Far from the sound and fury of Troy, the din of battle and the machinations of the gods, modern-day Paris provides the backdrop to Alexander Maksik’s You Deserve Nothing (John Murray 320pp £16.99) – perhaps the smallest-scale narrative in this diverse quintet, and the most affecting. The story is told by a triumvirate of narrators: Will, an American literature tutor in an exclusive private school, who believes that ‘teaching is the combination of theater and love, ego and belief’; Marie, the student with whom he forms a disastrously inappropriate relationship; and Gilad, another student who watches, powerless, as their affair unfolds.

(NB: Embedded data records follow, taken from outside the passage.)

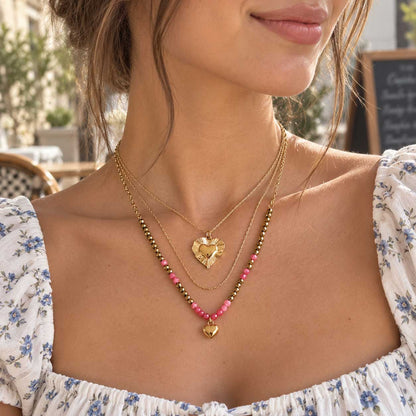 Goldene dreireihige Halskette aus Edelstahl am Hals getragen, mit facettierten Elementen und korallfarbenen Herzen als femininer Layering-Schmuck
[AI]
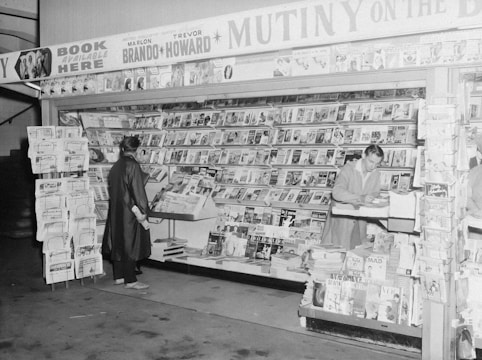 A black and white image of a vintage bookstore or magazine stand. The shelves are filled with various magazines and books. Two individuals are present; one person is a customer browsing the selection, while another is behind the counter, possibly organizing the books. Signage above highlights a book titled 'Mutiny on the Bounty' featuring Marlon Brando and Trevor Howard, suggesting a specific time period. The setting appears organized and inviting, typical of mid-20th-century print media displays.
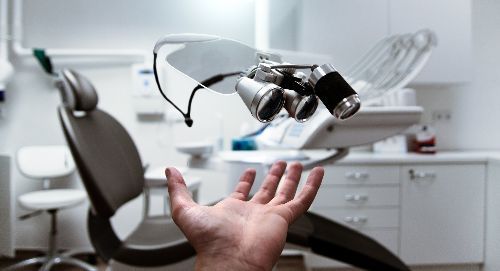 Hand reaching toward dental equipment in a clean, white dentist's office with a chair, and cabinets.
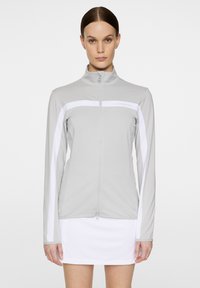 Hellgraue Zip-Jacke mit weißen Seitenpaneelen, aus glattem Stoff; verfügt über einen Stehkragen und Branding auf der Brust.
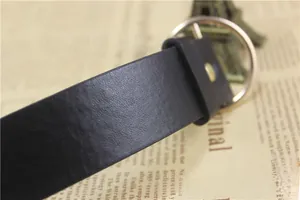 Close-up of black leather belt with a round golden metal pin buckle and rivet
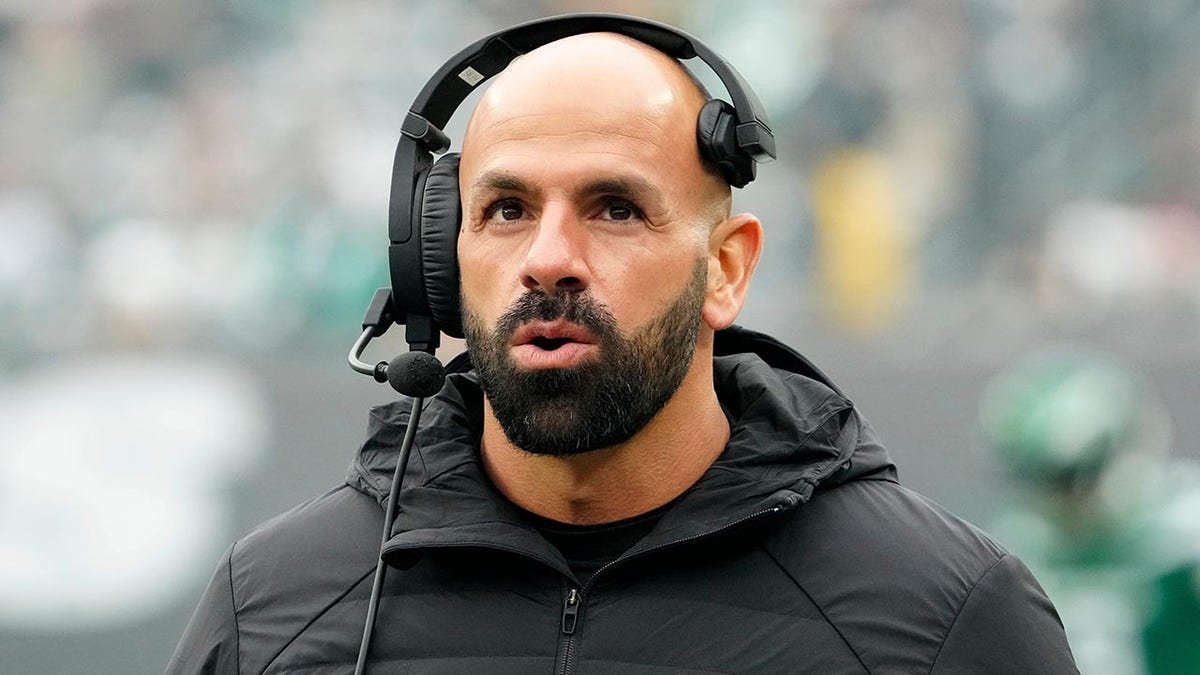 New York Jets head coach Robert Saleh standing on the sideline at MetLife Stadium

Although Maksik might, perhaps, have done more to differentiate these voices (and he should certainly have done something about that plain, unappetising title), his pacing is accomplished, his prose enviably smooth. His publishers are keen to draw parallels with Donna Tartt’s The Secret History but, while there are similarities in this new book’s conjuring of a world of callow privilege, it has none of the theatrics of Tartt’s bestseller. Maksik tells his domestic story without judging any of his characters, content simply to observe them as they make their mistakes. When, at the peak of his transgression, Will feels ‘the sense that something missing had been returned’, Maksik neither excuses nor condemns. His is a book that will be read by many in a couple of sittings and, like The Song of Achilles, satisfies completely.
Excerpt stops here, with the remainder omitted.